Sclerosi multipla: dall’Università di Siena nuove prospettive con una molecola sintetica

Sclerosi multipla: dall’Università di Siena nuove prospettive con una molecola sintetica

Una ricerca condotta da ricercatori dell’Università degli Studi di Siena apre le porte alla possibilità di sviluppare una nuova generazione di farmaci per la cura della sclerosi multipla, attraverso una molecola cannabinoide sintetica che ha dimostrato avere un effetto immunomodulatore sulle cellule dei pazienti affetti dalla malattia. La ricerca è appena stata pubblicata sulla rivista internazionale Journal of Neuroimmunology.

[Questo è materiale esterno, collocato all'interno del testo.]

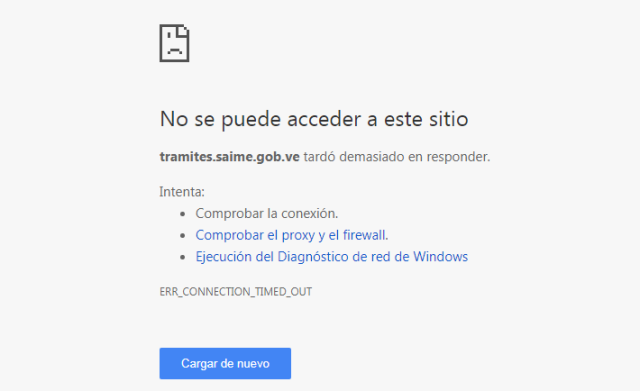 Foto: Captura de pantalla de saime.gob.ve  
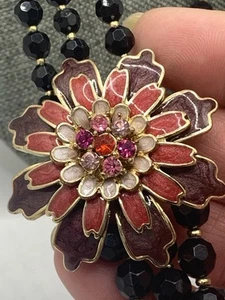 Merona Faceted Graduated Black BEADED Enamel RHINESTONE FLOWER PENDANT NECKLACE - Picture 1 of 10
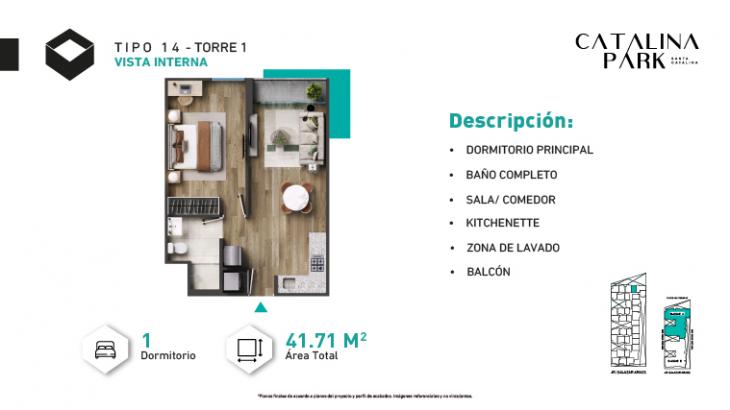 Plano del modelo Tipo X14 del proyecto CATALINA PARK en La Victoria
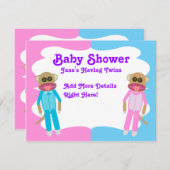 Jongen en Meisje Twins Blank Invite Kaart (Voorkant / Achterkant)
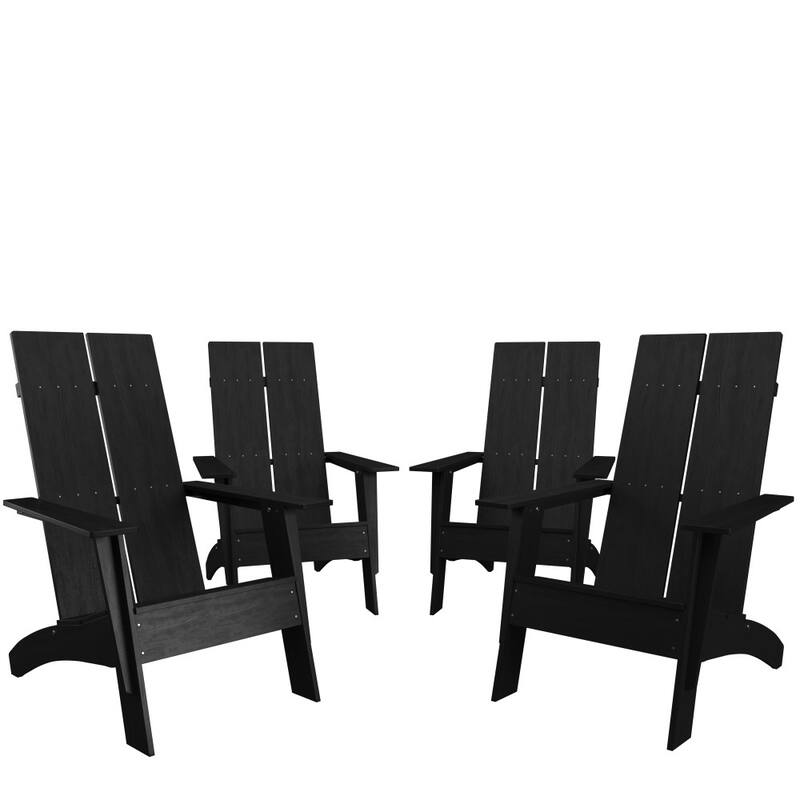Modern Dual Slat Back Adirondack Style Chairs, Set of 4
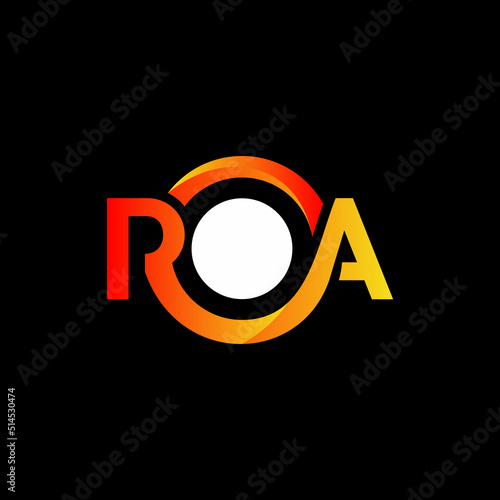 ROA Letter Initial Logo Design Template Vector Illustration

Nello studio, gli effetti farmacologici della molecola sintetizzata, il COR167, sono stati testati in vitro sulle cellule prelevate da pazienti con sclerosi multipla, evidenziando un’elevata selettività sul recettore CB2 legato al sistema immunitario, con un’azione molto potente anche a bassissima concentrazione. “I cannabinoidi – ha spiegato Pasquale Annunziata dell’Università di Siena, primo firmatario della ricerca – sono molecole che agiscono su due differenti recettori, sia a livello del sistema nervoso centrale (CB1) sia a livello delle cellule del sistema immunitario (CB2). Da anni si cerca una molecola di sintesi che abbia effetti solo sul recettore CB2, evitando gli effetti psicotropi dovuti alle interazioni con il recettore CB1”.

“L’evidente impatto scientifico dei risultati della nostra ricerca – ha evidenziato Federico Corelli, coautore dello studio – risiede nel fatto che la molecola COR167 ha mostrato un livello altissimo nella potenza di azione su cellule prelevate dai pazienti, mai registrato finora con altri agonisti CB2-selettivi. Lo studio apre dunque alla prospettiva futura di sviluppo di nuovi farmaci che possano agire sulla rimodulazione del sistema immunitario e non solo sui trattamenti sintomatici come è stato fatto fino ad oggi, e quindi potenzialmente curare la malattia”.